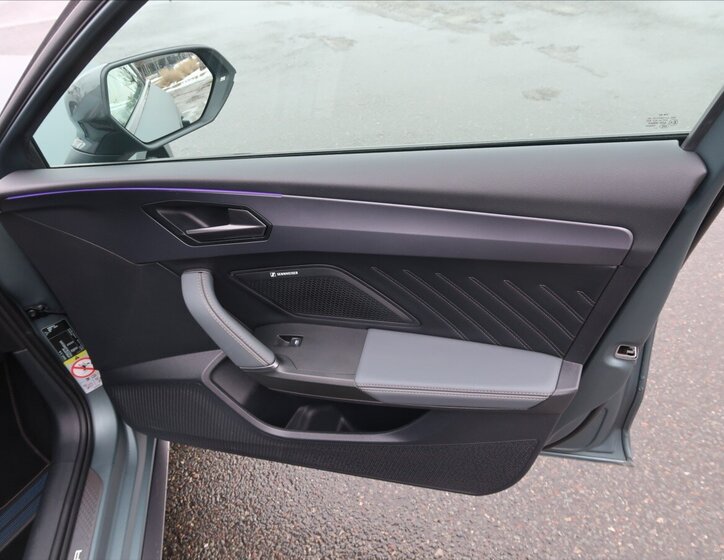 Cupra Leon Kombi 2,0 l 245 kw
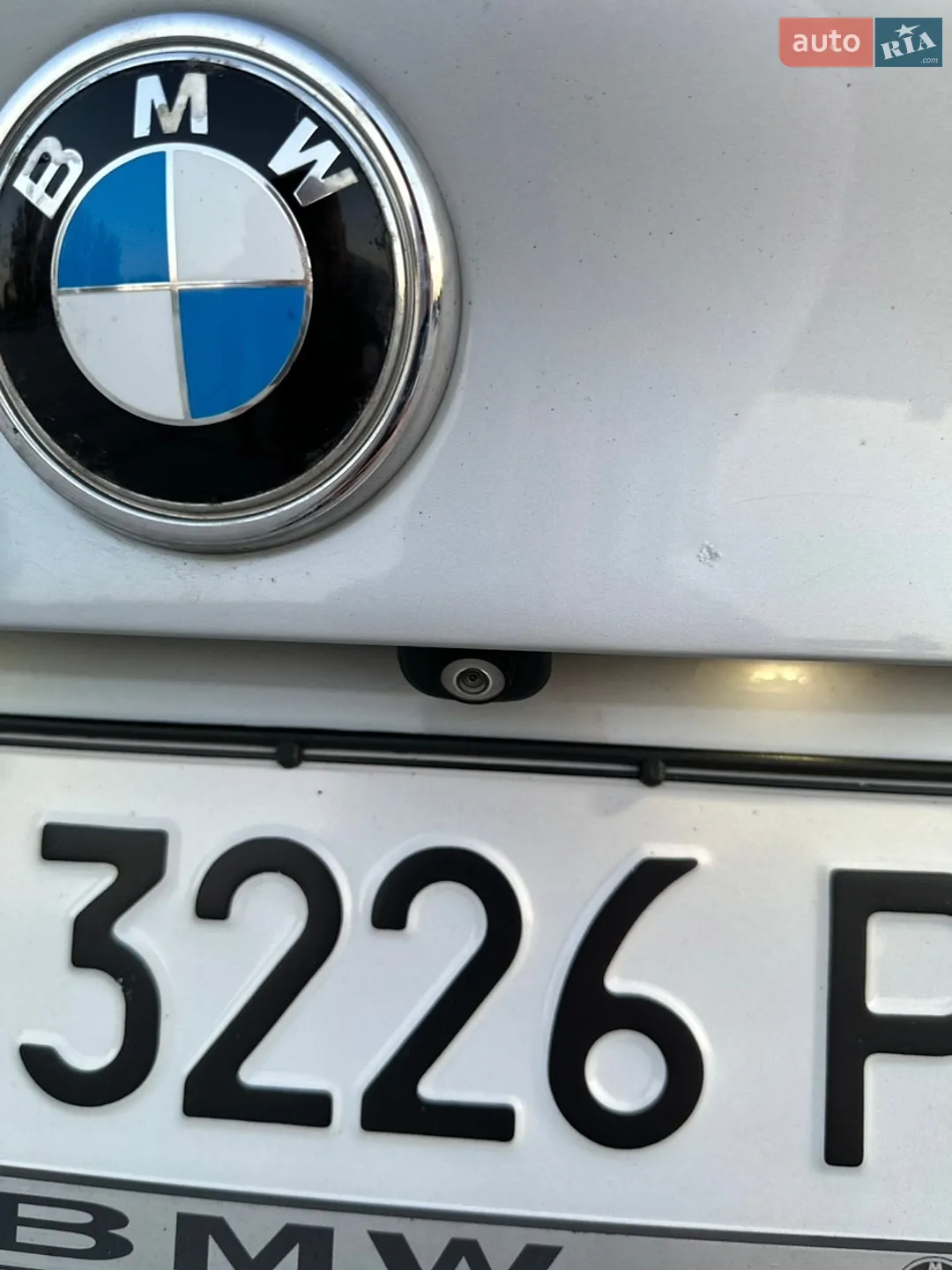 2014 BMW X5 - мініатюра 23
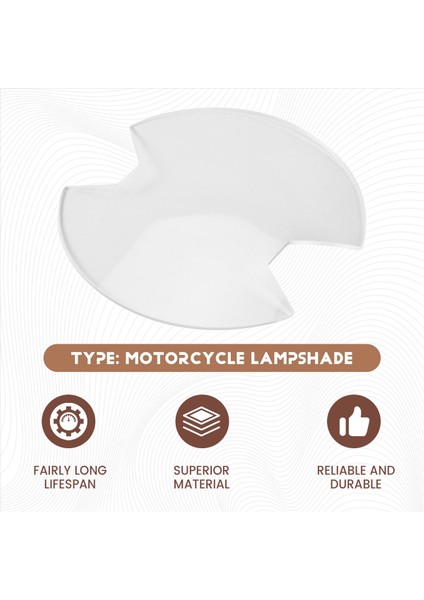 Far Koruma Kılıfı Ön Far Kılıfı Şeffaf (Yurt Dışından) fırsatları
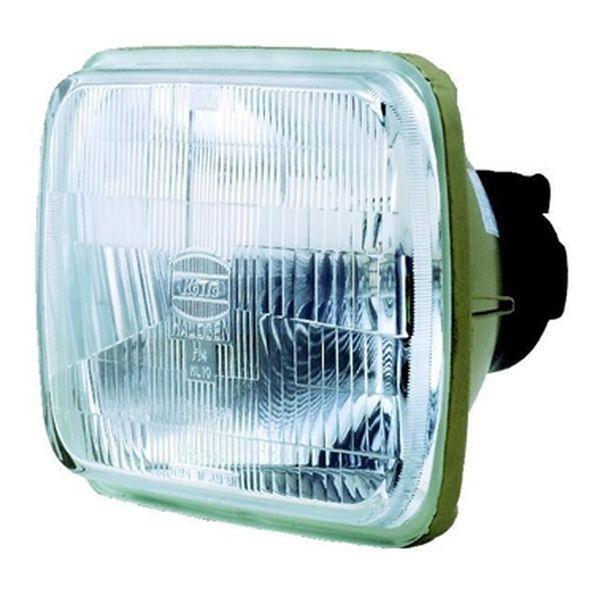 小糸製作所 KOITO 4961065010426 2HRSSB12HP角2灯1？12V 12V60...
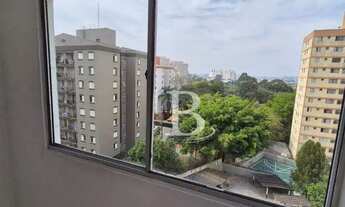 Imagem 3: Apartamento com 2 dormitórios à venda, 55 m² por R$ 245.000,00 - Jardim Celeste - São Paul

□ □ □ □ □ □ □

**INSTRUCTIONS TO FOLLOW:** Your output should be exactly the lines of the records above from the one with "小糸製作所 KOITO 4961065010426" through the last, both ends included, with pictures excluded.

**EXERCISE ANSWER:**
 小糸製作所 KOITO 4961065010426 2HRSSB12HP角2灯1？12V 12V60...
 Imagem 3: Apartamento com 2 dormitórios à venda, 55 m² por R$ 245.000,00 - Jardim Celeste - São Paul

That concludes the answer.